Luciano Ganci, Maria Katzarava, Francesco Landolfi; Bologna Theatre Chorus/Guillermo García Calvo; dir. Graham Vick (Parma, 2017)
Naxos DVD: 2.110590; Blu-ray: NBD0084V 119 mins
Graham Vick’s production of Stiffelio is a triumph. This orphan amongst Verdi’s early operas, lost to most modern audiences until 1968, emerges in a production from the 2017 Verdi Festival in Parma as an edgy and deeply uncomfortable exploration of the frontier between social intolerance and personal choice. A 19th-century Catholic Italian audience may have scorned a story with a firebrand Protestant pastor as its hero and decided that adultery and divorce in modern dress were best swept under the carpet, but Verdi’s slice of modern life – his first before La traviata – resonates strongly today.

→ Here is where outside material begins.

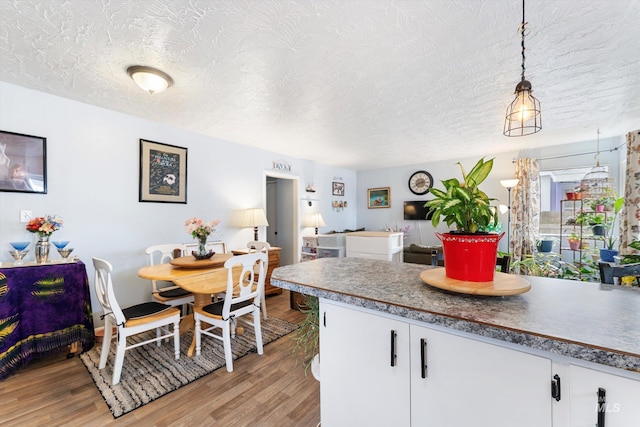 kitchen with white cabinets, a textured ceiling, and light wood finished floors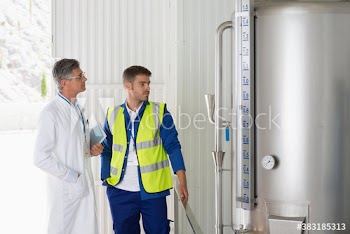 Scientists and worker examining storage tank in factory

Vick’s production transforms Parma’s Teatro Farnese; the seats are removed and the drama is acted out on a series of rolling platforms in the stalls arena. The lines between the viewer and the viewed are blurred, challenging the comfortable assumption that music drama is something that happens to other people across the footlights. When two gay men are beaten by priests, rabble roused by pastor Stiffelio, are they actors or audience? Luciano Ganci is a splendid Stiffelio, a conflicted hero torn between revenge for his wife’s adultery and a belief in forgiveness. Francesco Landolfi is a useful Stankar but it’s the Mexican soprano Maria Katzarava as his daughter Lina, married to the bible-bashing pastor, who sings her heart out as she walks the line between sacred and sexually profane love. Hers is a rich and expressive voice and nowhere more so than in the duets with her husband. If communication between the conductor, Guillermo García Calvo and his singers sometimes falters, who cares? This is music-drama with an equal stress on both words.